Nach der REACh-Registrierung in 2010 wurde schon frühzeitig klar, dass Chromtrioxid genau wie wasserlösliche und wasserunlösliche Chrom(VI)salze (Chromate) schnellstmöglich in den Prozess der Zulassung überführt werden sollten (Chromate­ sind laut IUPAC-Nomenklatur negativ geladene Komplexe des Chrom, unabhängig von der Oxidationsstufe. In nicht wissenschaftlichen Texten ist häufig das Synonym für Verbindungen des Chrom in Oxidationsstufe VI mit dem entsprechenden Tox-Profil zu finden. Unbedenkliche, dreiwertige Chromate gibt es zum Beispiel in Metallkomplexfarbstoffen­ (nicht zu verwechseln mit Chrom(VI)-Pigmenten). Auf Anregung verschiedener Stakeholder der Branche bildete sich daher im Juli 2011 schon vor der Priorisierung eine Arbeitsgruppe Zulassung Chromtrioxid (Phase 1), die im März 2013 in das Chromium Trioxide­ Authorization Consortium CTAC mündete, einem Zusammenschluss aus rund 150 europäischen Unternehmen der kompletten Lieferkette (Supply-Chain) mit dem Ziel, die für einen Antrag auf Zulassung erforderlichen Dokumente zu erstellen (Phase 2). Durch Priorisierung und Listung von Chromtrioxid in Annex XIV der REACh-Verordnung wurde der Zeitrahmen vorgegeben mit einem Last Submission Date im März 2016 und Sunset Date im September 2017.

Während bei der Registrierung die Herstellung beziehungsweise der Import des Stoffes freigeschaltet werden muss, und damit jeder Hersteller/Importeur (aber auch nur diese) automatisch zur Registrierung verpflichtet ist, gestaltet sich die Situation bei der Zulassung komplizierter. Dort geht es um die Verwendung des jeweiligen Stoffes, womit weit mehr als bei der Registrierung auch die Downstream-User aktiv gefordert sind.

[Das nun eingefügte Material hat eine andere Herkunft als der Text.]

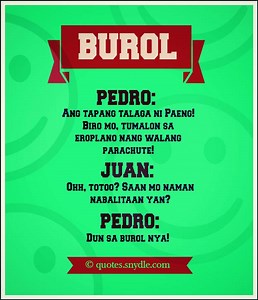 Pass The Message Game Tagalog Phrases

Im Kern richtet sich die Anforderung zur Zulassung an diese Unternehmen, die im Fall der Oberflächenveredlung in der Mehrzahl kleine und mittelständische Unternehmen (KMUs) sind und die Anzahl der Importeure um ein Vielfaches überschreiten. Dabei gibt der Gesetzestext nicht die Möglichkeit, dass sich Downstream-User im Rahmen eines einzigen Zulassungsantrags horizontal zusammenschließen und damit die Einreichungskosten auf eine einzige Gebühr reduzieren (Abb. 1). Nur durch vertikale Bündelung innerhalb der Lieferkette können von einem Importeur mehrere Kunden und/oder Ebenen der Lieferkette downstream mittels eines Zulassungsantrags abgedeckt werden. Eine Zulassung am unteren Ende der Lieferkette kann nur den jeweiligen Vorlieferanten abdecken. Ist dies ein Formulierer (keine Registrierung) und nicht ein Importeur ist die Lieferkette damit unterbrochen. In allen Fällen ist jedoch eine Joint Application möglich, bei denen sich für weitere Antragsteller die Gebühren deutlich reduzieren.

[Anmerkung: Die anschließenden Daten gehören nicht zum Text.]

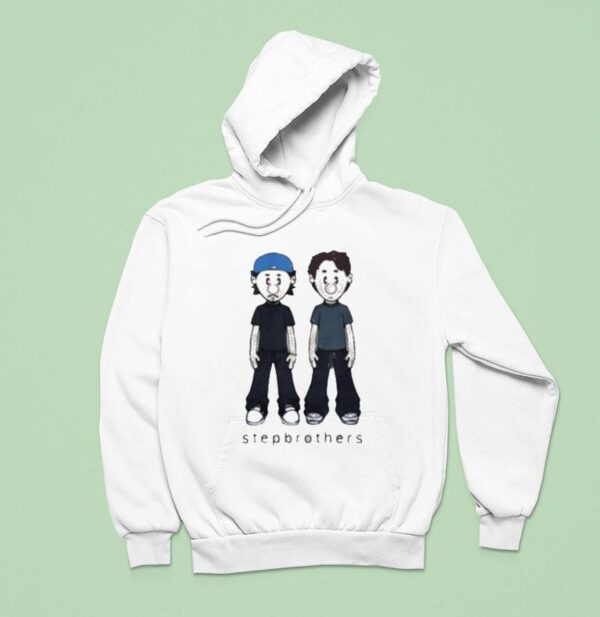 Julian And Logan Stepbrothers Hoodie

Abb. 1: Registrierung und Zulassung im Vergleich

 

Da zum Zeitpunkt der Unterschrift zu diesen Prozessen noch keinerlei Erfahrung vorlag, ist die eigentliche Einreichung des Antrags auf Zulassung (Application for Authorization, AfA) nicht Bestandteil des CTAC-Konsortialvertrags.

Der Fokus der Arbeiten im CTAC lag daher in der Ermittlung und Strukturierung von Daten sowie der Erstellung der nötigen Dokumente Chemical Safety Report (CSR), Analysis of Alternatives (AoA) sowie Socio-Economic Analysis (SEA) auf der breiten Basis der 150 Mitgliedsunternehmen. Nach Analyse einer ersten Datensammlung wurde eine Strukturierung nach den Prozessen der Oberflächenveredlung gewählt und ergänzt durch ein Szenario Formulieren und Umfüllen. Zum jetzigen Zeitpunkt ergibt sich daraus die Notwendigkeit eines Antrags mit fünf Verwendungen:

  1. Formulierung von Präparationen
  2. Hartverchromung (Galvanotechnik)
  3. Funktionelle Verchromung mit dekorativen Aspekten (Galvanotechnik)
  4. Oberflächenbehandlung mit gebundenem Chrom(VI) im Artikel (Passivierung)
  5. Oberflächenbehandlung ohne Chrom(VI) im Artikel (z. B. Passivierung oder Beizen)

Eine weitere Unterteilung, zum Beispiel nach Industriesektor des Endabnehmers, angewandten Risikominimierungstechniken oder Neu- im Gegensatz zu Ersatzteilen, wurde bei der Datensammlung berücksichtigt, hat sich aber für eine Einreichung als nicht zielführend herausgestellt.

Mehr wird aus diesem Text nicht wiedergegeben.